/NDP-JSB

Primary LanguagePython

Nonparametric-Dirichlet-process-based-Latent-Factor-Model

citation

If you use the code or datasets in this repository, please acknowledge the paper "Fine-Grained Job Salary Benchmarking with a Nonparametric Dirichlet-process-based Latent Factor Model"

data

You can download the raw datasets used in this paper via the link (cleaned, in csv format, with data descriptions):

https://drive.google.com/drive/folders/1eW_30c-ZHYfBip4GAed-DsG9OLqyJZXT?usp=sharing

You can download the preprocessed data in this paper via the link (in pickle format, for code running purpose):

https://drive.google.com/drive/folders/1RsTLFg5tSmESQAkypr5G8-tW48nGMO66?usp=sharing

Please be aware that if you want to run the model using our datasets directly, you need to download the preprocessed data and put them under the directory: "src/source_file" .

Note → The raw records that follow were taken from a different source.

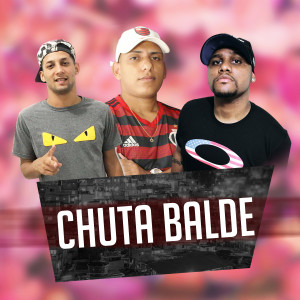 ดาวน์โหลดและฟังเพลง Chuta Balde พร้อมเนื้อเพลงจาก Dj Lc da Roça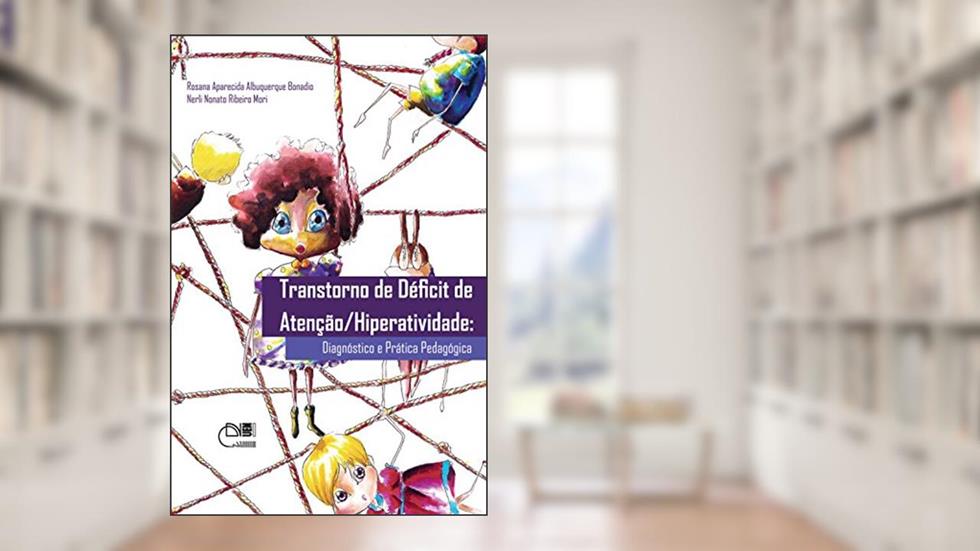 Transtorno de déficit de atenção/ hiperatividade: diagnóstico da prática pedagógica, do autor Rosana Aparecida Albuquerque Bonadio; Nerli Nonato Ribeiro Mori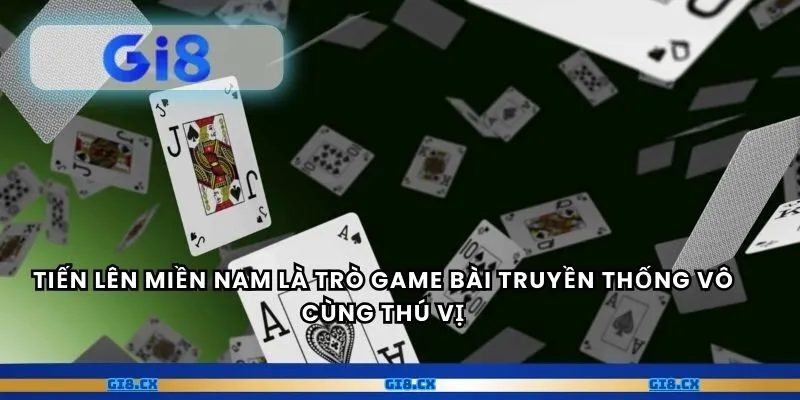 Tiến Lên Miền Nam là trò game bài truyền thống vô cùng thú vị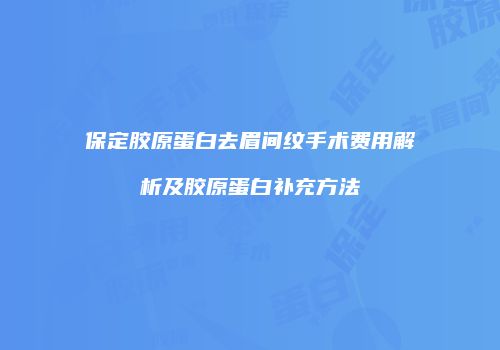 保定胶原蛋白去眉间纹手术费用解析及胶原蛋白补充方法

prerequisites (please install the following packages before you run this model NPD-JSB)

  • python 3.6
  • numpy 1.19.2
  • pandas 1.1.3
  • scipy 1.5.2

instructions to run the model NPD-JSB

The src folder includes the source code of the model NPD-JSB.

To run the model, you need to download the whole src folder. Then open a terminal to run the commands as below. According to the different data splitting settings and datasets, there are four different options. I list the four options and the corresponding commands as below.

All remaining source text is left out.